**EXERCISE INSTRUCTIONS**
Without including any pictures, reproduce all the lines below word for word.

**COLLECTED MATERIAL**
--------------------------------

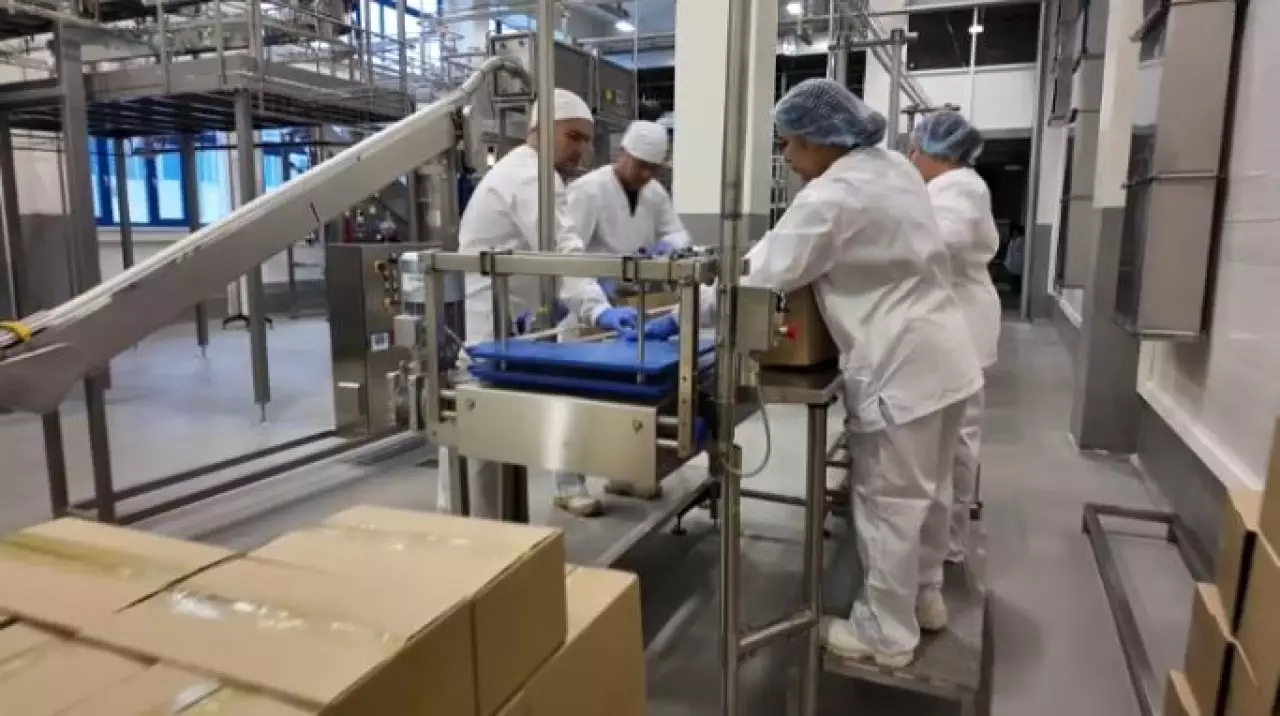 От фермы до завода: как развивается агросектор СКО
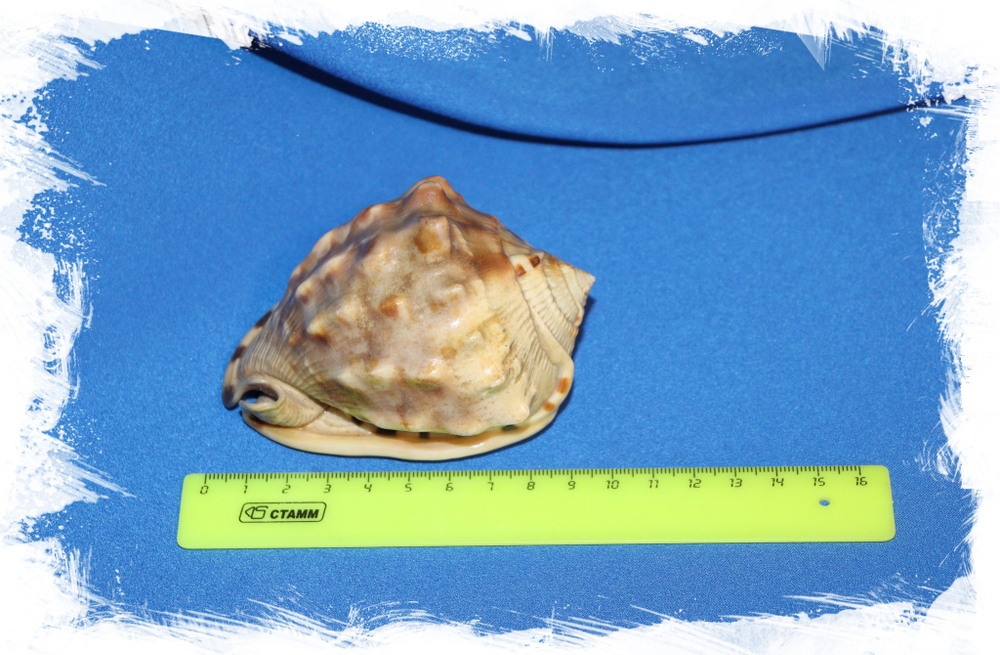 Cassis marmorata размер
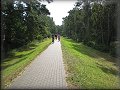 Pohled na cyklostezku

--------------------------------

**REPLY**
 От фермы до завода: как развивается агросектор СКО
 Cassis marmorata размер
 Pohled na cyklostezku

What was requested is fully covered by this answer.